In order to build and maintain leadership capacity in other policy areas, Germany will need to invest in EU capacities in two ways. First, it will not be able to drive EU efforts forward unless it continues to take on a large share of the burden of joint solutions, in particular as a number of member states, including Greece, Spain, and Portugal, as well as Italy and France, are still recovering slowly from the financial and economic crises of the past years. This does not mean that the German government cannot also help build European solidarity mechanisms from which it may eventually benefit itself – for instance for sharing the costs of handling the refugee crisis, or for strengthening crisis resilience in the euro area. In fact, as the influx of refugees continues to put stress on Merkel, Berlin may need to make the case at home that the EU also helps Germany cope in order to maintain public support.
Secondly, the German government will have to invest in building trust, consensus, and coalitions. As the back-and-forth in the refugee crisis or Germany’s pressuring of Greece have shown, any surprise move from the German government risks being interpreted as a manifestation of self-interest and a misuse of its power position. Building and maintaining partnerships and coalitions will require more time and consistent political effort than Berlin has been investing. Germany, as the most powerful country, will likely also need to resort to issue-linkages and cross-policy deals, for instance to keep closed ranks on Russia or to find compromises on the migration issue.
Meanwhile, German policy-makers and the German public will need to learn how to deal with criticism without dismissing it as a natural side effect of a leadership role.
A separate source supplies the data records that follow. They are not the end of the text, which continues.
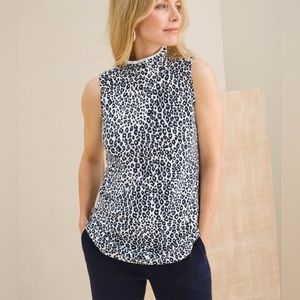 Chico’s cheetah top
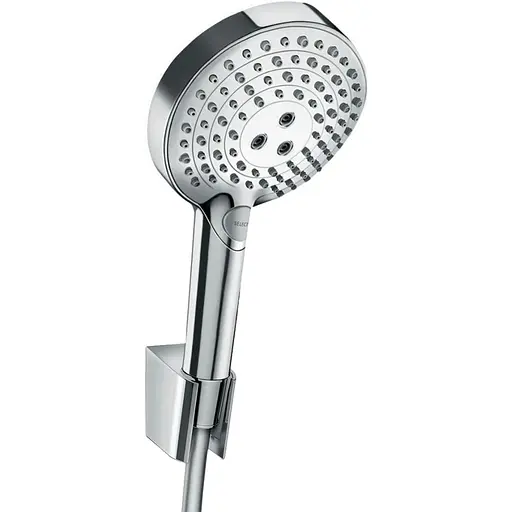 Душовий гарнітур Hansgrohe Raindance Select S PowderRain 27668000, Хром - фото 1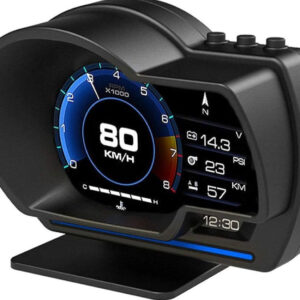 Displej head up za auto P6- OBD2 +GPS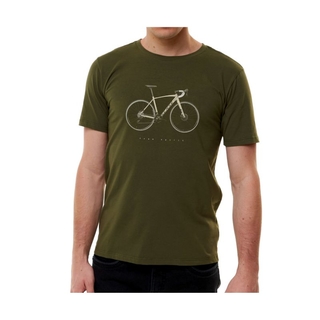 Camiseta T-Shirt Sense Gravel 2021 - Verde Militar - comprar online
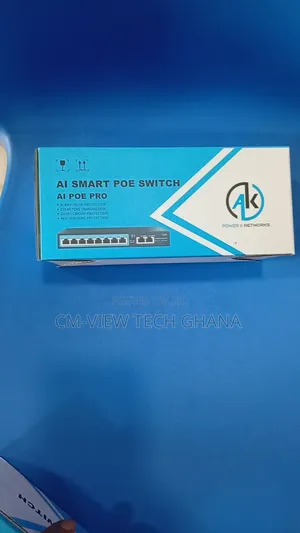 8port Ai Smart Poe Switch (Unmanaged)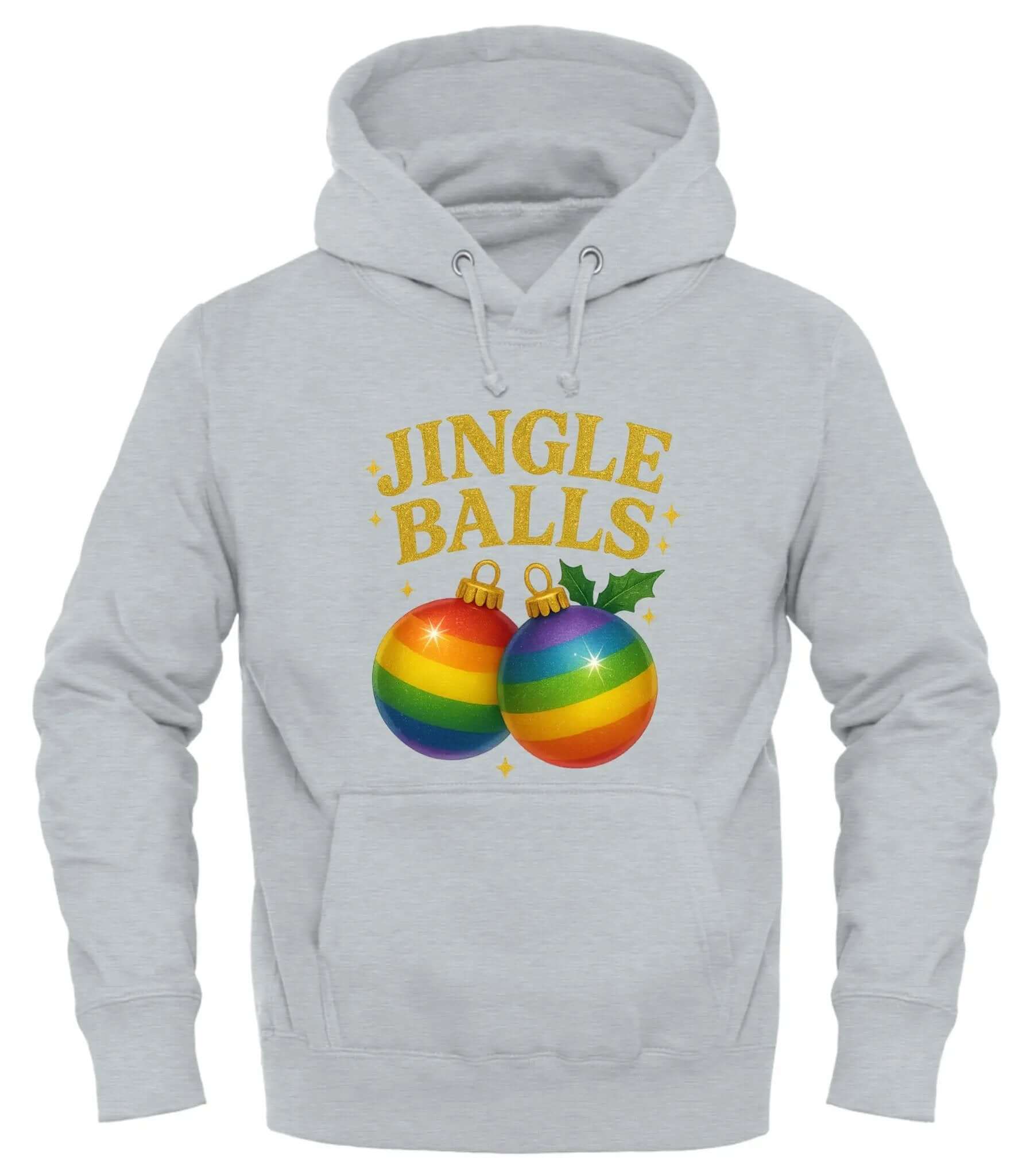 Jingle Balls Holiday Hoodie - Good Trouble - Good Trouble Fashion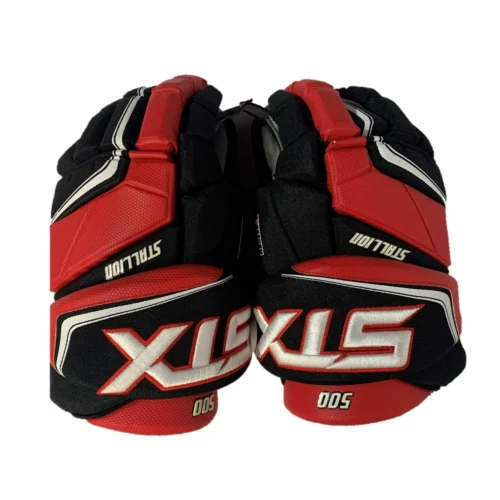 STX Stallion 500 Ice Hockey Gloves 17 STX Stallion 500 Ice Hockey Gloves -Hockey Stick Market 500 black.red scaled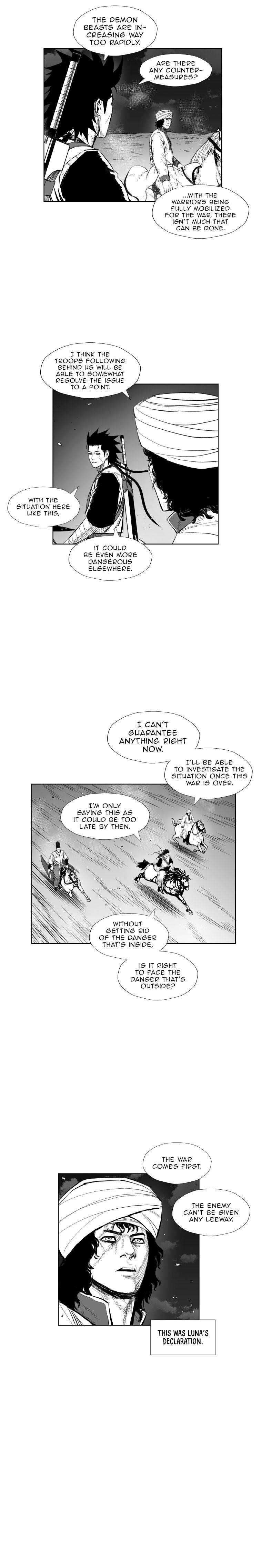 Red storm Chapter 357 - Page 8 in English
Since the financial and economic crises hit the eurozone eight years ago, Germany’s role in Europe has been vehemently criticized; Germany has been accused of shirking responsibility, obstructing progress, and leading in the wrong direction as it suits national preferences. Policy-makers in Berlin need to get better at engaging with their critics, and even learn from them when trying to tackle European challenges.
Since 1946, and in particular since regaining full sovereignty as a nation state, Germany has always defined its European and international role as part of a European and international order that is bound by treaties, secondary law, and EU decision-making procedures. But for German citizens and next-generation leaders, Europe has become a matter of choice, not an obligation grounded on historical memory and shame. This is where the largest domestic leadership challenge for the government emerges. Voters today need more convincing.
This is an especially important task in the face of the refugee crisis, which, for Germany, is a huge socal and political challenge with the potential to destabilize Germany politically. The government will need to balance its liberalism on asylum policy, which is enshrined in the German constitution, and the capacity of its administration, civil society, and policy-makers to actually handle the practical, political and security challenges that come with the current inflow of refugees. In order to maintain Germany’s pro-European stance and its openness to globalization and internationalization, the refugee crisis must not lead to the perception of a loss of control, rising insecurity, or the return of identity issues.
A domestic political crisis leading to further polarization and possible political instability would endanger Germany’s support for European integration. The effects of this would be enormous – not only for Germany, but for Europe as a whole.